Industrial Light and Magic
Industrial Light and Magic (ILM) is a motion picture visual effects company that was founded by George Lucas in May 1975. It is a division of the film production company, Lucasfilm, which Lucas founded, and was created when Lucas began production of the film Star Wars. For many years, particularly during the widespread inception of computer graphics in film during the 1980s, ILM was considered the leading industry standard production house for computer graphics in film; many studios other than Lucasfilm sent scenes to the studio for CG. It is also the original founder company of the animation studio Pixar.

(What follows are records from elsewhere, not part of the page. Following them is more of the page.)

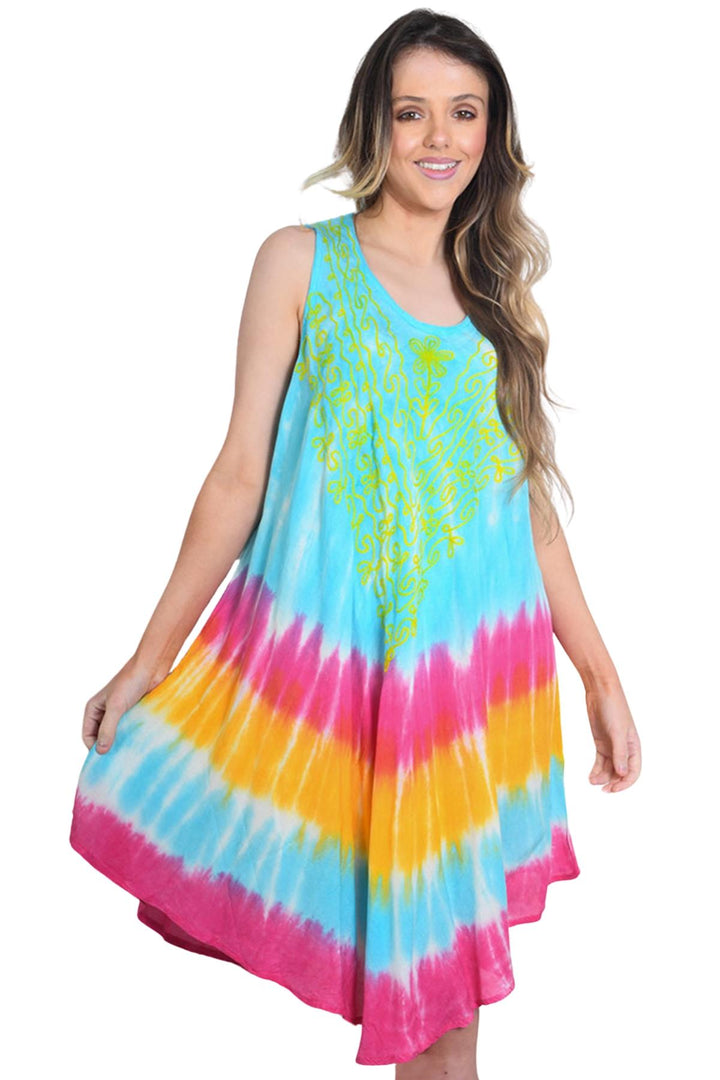 Tiedye Print Umbrela Dress
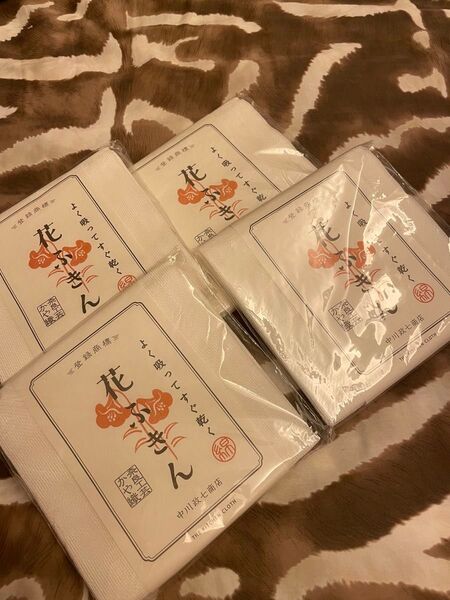 新品未開封!中川政七商店 花ふきん『白百合』4枚 一枚の定価880円(2025年現在)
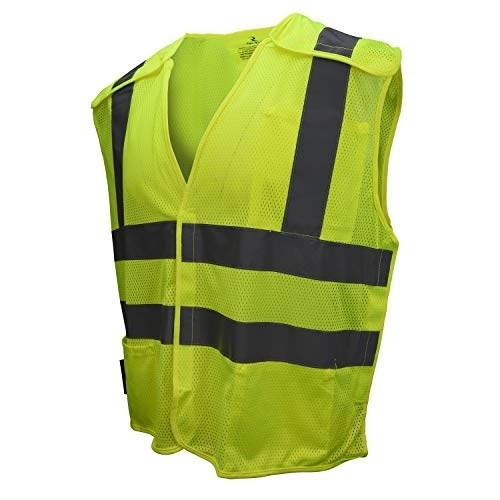 Radians SV45-2ZGM-M Industrial Safety Vest - Neon, 4XL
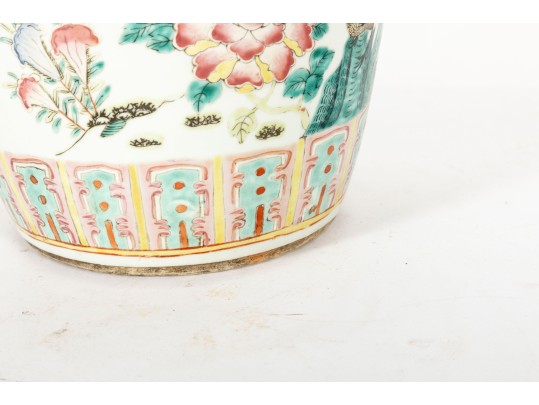 19th Century Chinese Export Famille Rose Vase 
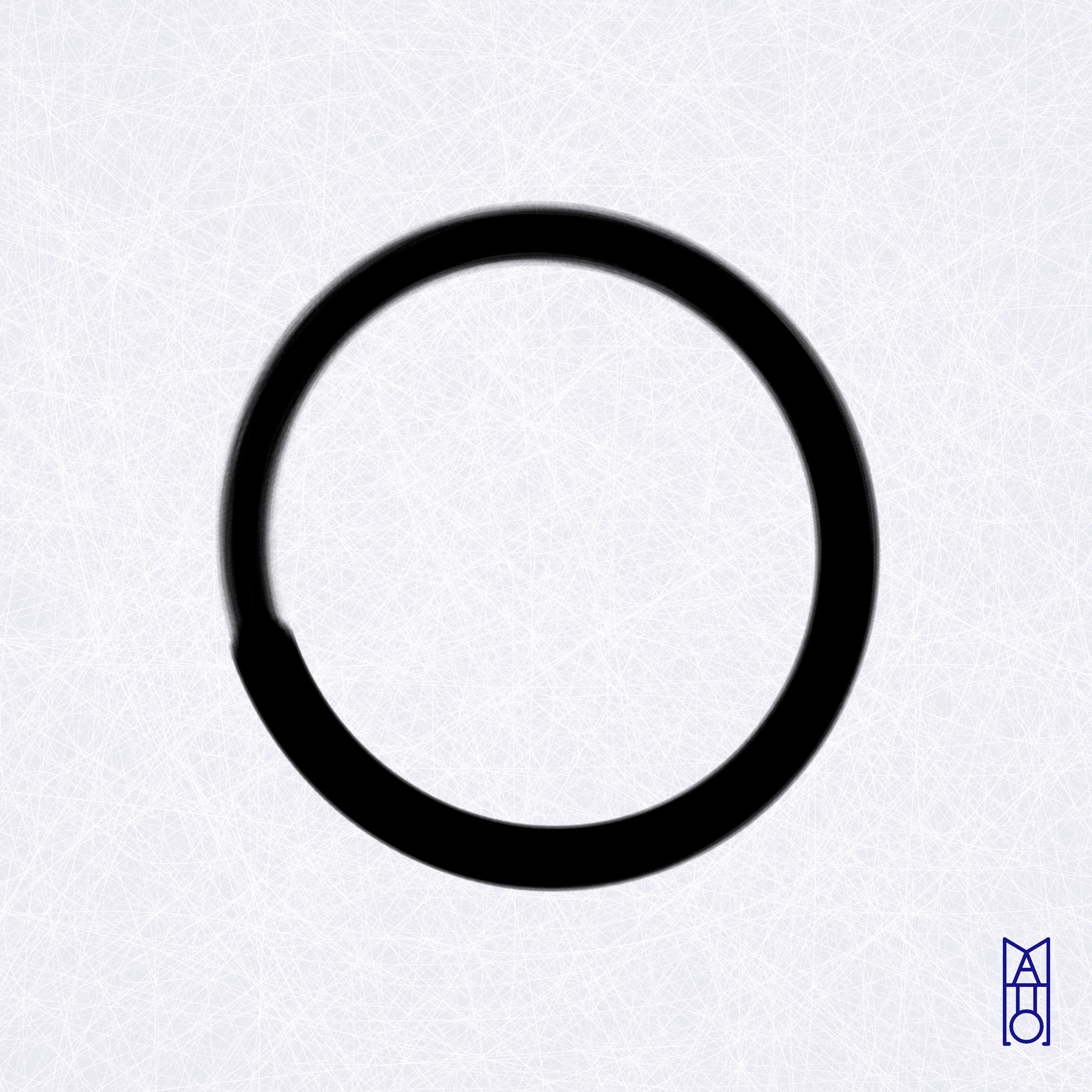 Art Blocks - Art Blocks v2 - Ensō #177 - NFT # 34000177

ILM originated in Van Nuys, California, then later moved to San Rafael in 1978, and since 2005 it has been based at the Letterman Digital Arts Center in the Presidio of San Francisco. In 2012, The Walt Disney Company acquired ILM as part of its purchase of Lucasfilm.
The Star Wars saga was an incredible achievement by the company
Revolutionising the digital animation of Hollywood is one thing, revitalising the hand-drawn animation world is another. For Robert Zemeckis' Who Framed Roger Rabbit ILM was tasked with creating realistic cartoon characters, or "toons" in 1947's Los Angeles.
The process was an intense procedure, everything from highlights, to low-lights, to translucency, to shadows. More difficult still was the tracking of toons before the age of digital computers. Zemeckis wanted to film the picture like any other movie so as to not take the audience out of the moments he presented; he wanted toons to experience high emotion, high melodrama and serious real-world issues. Unlike Ralph Bakshi's Cool World where the limitations were most prevalent when the toons enter the real world.
ILM do the visual effects for most well known films and blockbusters; all of the Marvel movies (under Disney and Marvel Studios), the upcoming Great Wall, Kong: Skull Island, TMNT, The Revenant, Warcraft, Transformers, and most if not all big blockbusters in the immediate future.